(Raw data begins)

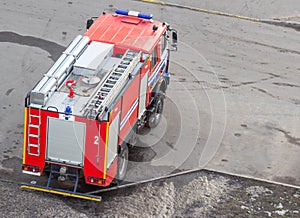 Red fire truck with emergency lights, saving people, threat to life, background, department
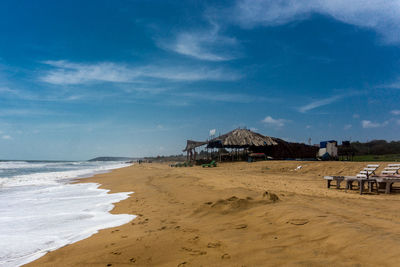 Scenic view of beach by sea against sky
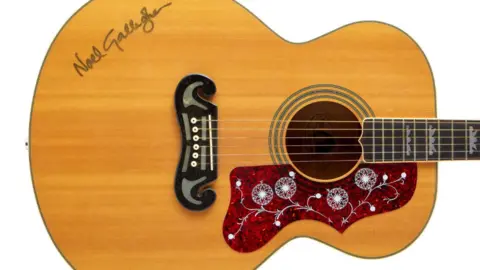 A brown acoustic guitar is pictured, with Noel Gallagher's signature seen on the body of the guitar. Around the sound hole is a detailed red pattern.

(Raw data ends)

Would you restate word for word only the lines from the line with "Scenic view of beach by sea against sky" to the last line above, with the pictures left out?

Worked solution:
 Scenic view of beach by sea against sky
 A brown acoustic guitar is pictured, with Noel Gallagher's signature seen on the body of the guitar. Around the sound hole is a detailed red pattern.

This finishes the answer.